If You Must Have a BVP Caveat...

One thing you must grant "no excuses" schools is that they know how to get good test scores out of the gate. No more of this taking a few years for a school to find itself. So regardless of all other concerns, getting good scores after 1 year is impressive.

But, in RIDE's new classifications...

  1. BVP got 25/25 in student growth, but that is compared to how a single class did in October the year before, when the school didn't have any particular interest in maximizing their scores.

    Also, these schools tend to be good at a big jump in math during 5th grade. If you can put the hammer down (I'm not saying its easy or everyone would do it), you can yank kids up several grade levels that year, but then it naturally levels off as you hit more abstract math. Point being, everything else being equal, the growth score will probably be lower in the future.

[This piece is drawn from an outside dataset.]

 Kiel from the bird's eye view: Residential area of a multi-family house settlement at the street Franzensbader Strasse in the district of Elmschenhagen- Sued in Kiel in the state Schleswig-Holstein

    Then again, the student growth scores are likely to just be crazy volatile. For example, next year BVP student growth will probably be compared to a completely different, much more affluent set of students than they were this year, since they'll be compared whatever students in the state got the same (higher) score this year. There tend to be crazy year to year variations in these things.

  2. BVP also got the highest subgroup gaps score of any middle school: 27/30. This, however, follows what seems to be a pattern for schools with very high gap scores: not having 20 LEP and IEP students (total). In which case your score for low-income and minority students essentially counts double, and in BVP's case they're good. You can also infer that the 12 or so LEP and IEP students who took the NECAP did pretty well anyhow at BVP. However, 31 LEP and IEP students in that cadre took the test as 5th graders, so... ? Where'd the rest go?

Also, for gap measurement purposes, is BVP "Urban," "Urban Ring," or "Suburban?"